The spectrum crunch has come to cable. Comcast Corp., the country’s largest provider of cable television services recently announced that it is testing two new approaches to managing data usage by its customers.
According to a post on the company’s website, “The first new approach will offer multi-tier usage allowances that incrementally increase usage allotments for each tier of high-speed data service from the current threshold. Thus, we’d start with a 300 GB usage allotment for our Internet Essentials, Economy, and Performance Tiers, and then we would have increasing data allotments for each successive tier of high speed data service (e.g., Blast and Extreme). The very few customers who use more data at each tier can buy additional gigabytes in increments/blocks (e.g., $10 for 50 GB).”
Comcast described its second new approach as one that will increase data usage thresholds for all service tiers to 300 GB per month while offering additional gigabytes in increments or blocks. For example, an additional 50 gigabytes may cost a consumer $10..
In both approaches, Comcast will increase the initial data usage for their customers from the current 250 GB per month to at least 300 GB per month.
Advocacy groups such as Free Press have expressed their displeasure with data caps. In a statement released on Tuesday, Free Press policy director Matt Wood said, “The data caps being pushed by the biggest cable companies are bad for consumers — and the FCC should be investigating these caps, not endorsing them. All the evidence shows that caps on wired broadband platforms like cable make no sense. They don’t affect network congestion, even in the rare instances where congestion actually exists on these systems. Cable companies use them to penalize their subscribers and discourage them from using innovative services that compete with cable TV.
“Comcast’s recent actions show both the harms of these caps and the lack of any legitimate reason for them. Comcast started out by exempting its own content from its caps, while applying them to competitors like Netflix and other online video providers. Then Comcast changed course and suspended caps temporarily in all but a few markets — but promised to start overcharging any users there who exceeded these arbitrary limits.”
Of course, broadband providers should be free to try different pricing strategies. But the FCC’s apparent endorsement of these plans only makes sense in a world with real broadband competition. Unfortunately, the wireline broadband market is at best a duopoly and is trending toward a cable monopoly. That makes broadband providers’ pricing schemes almost immune to market discipline and consumer response.
“The FCC has turned a blind eye to this competition problem.

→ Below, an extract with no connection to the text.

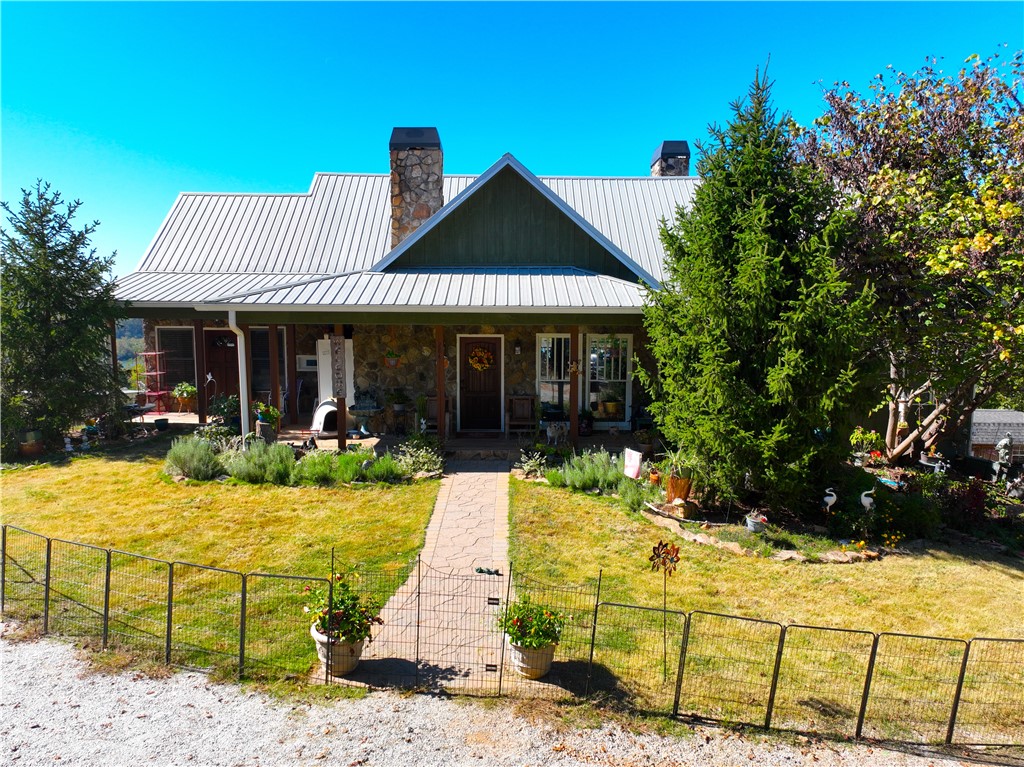 284 River Road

If it wants to see experimentation in pricing that actually benefits consumers, we need a competition policy that creates more experimenters.”
Is there anything wrong with Comcast’s policy? Probably not. Telecommunications and cable companies have practiced tier pricing for decades. Arguably Comcast is merely applying the pricing practices for its cable services to its data services.

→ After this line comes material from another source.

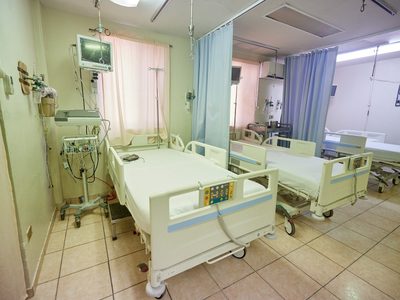 SAT debe revelar por qué no tomó en cuenta una factura de hospitalización para declaración anual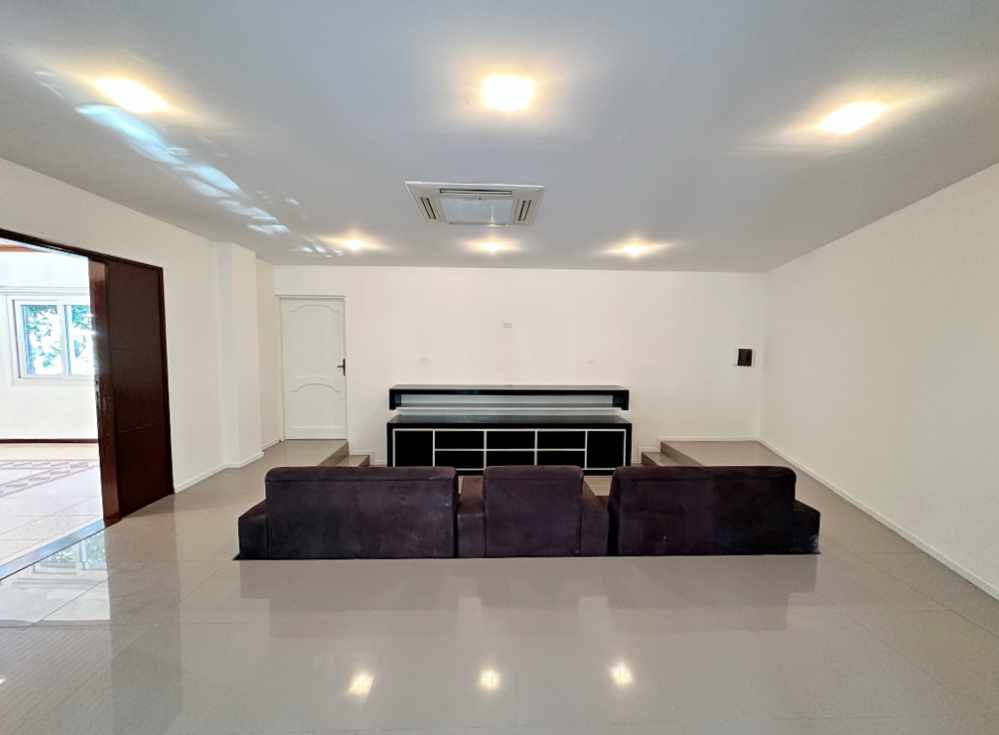 Casa 6to Anillo, Zona Norte, Urbanización Ciudad Jardín, calle Los Tulipanes Foto 16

Telecommunications companies charge higher prices for certain packages of landline and wireless services. In addition, with the exception of basic tier services, the prices for premium services provided by cable companies have been unregulated for the better part of two decades.
While Free Press is calling on the FCC to implement a competition policy that would bring more players into the cable television market, crafting such a policy may be out of the FCC’s hands. Cable companies typically enter a local market by first meeting franchise requirements of a city, county, or state. While the Communications Act spells out the review process for applying for a franchise agreement, local requirements for service areas, infrastructure, and public channels are the barriers to entry that keep new entrants out of new markets.

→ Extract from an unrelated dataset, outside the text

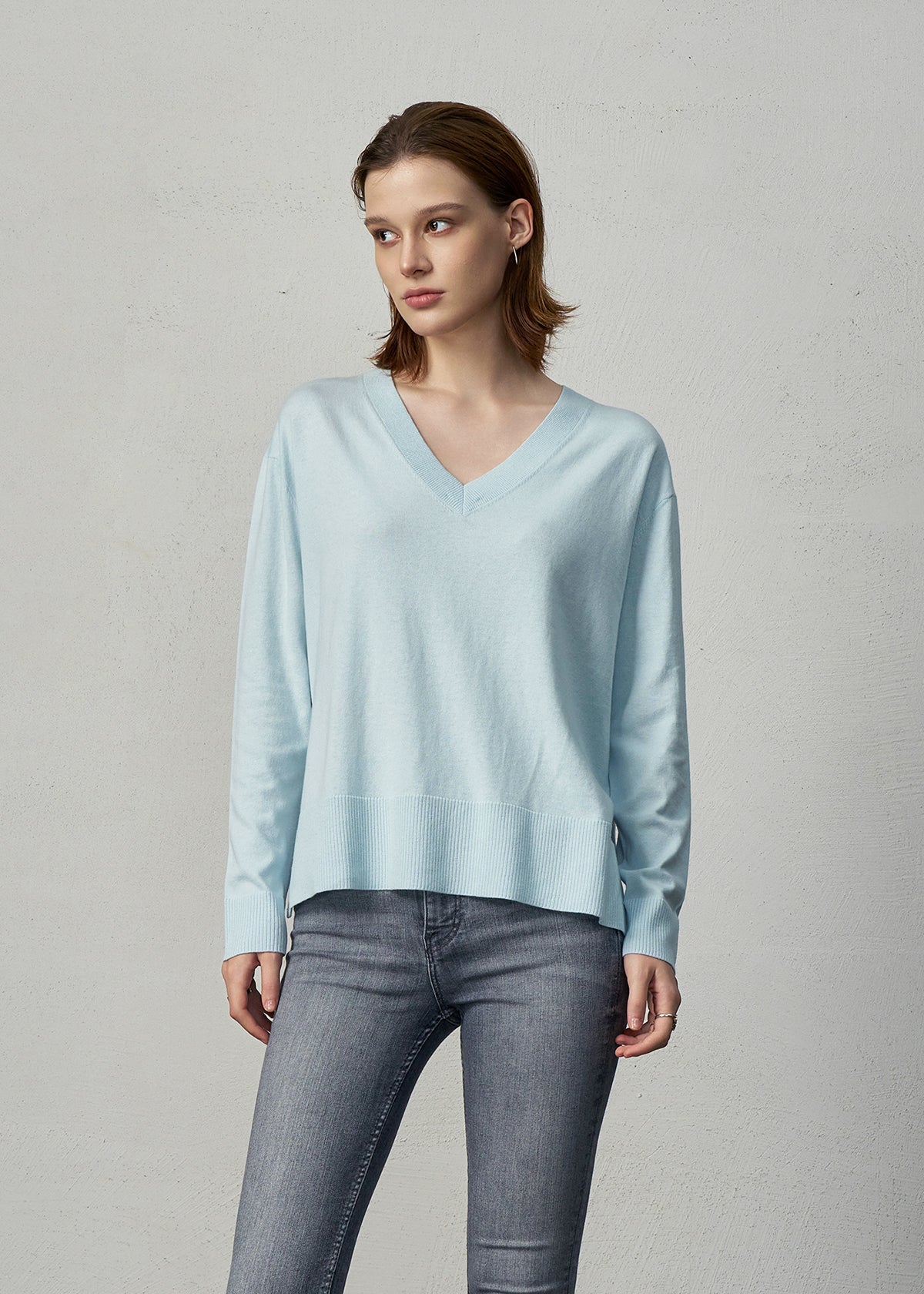 N.2404 LONG LINE V-NECK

In addition, cable companies face increasing costs to purchase programming from content providers such as Disney’s ESPN, and Time Warner’s TNT.
Innovative technology may be the next best way for a new provider to enter a market dominated by Comcast. There is no guarantee that entry by new cable providers will necessarily drive down prices, at least in the immediate and long run. New entrants will eventually seek to recover the costs of entry fees and programming by charging a rate just below that of the incumbent.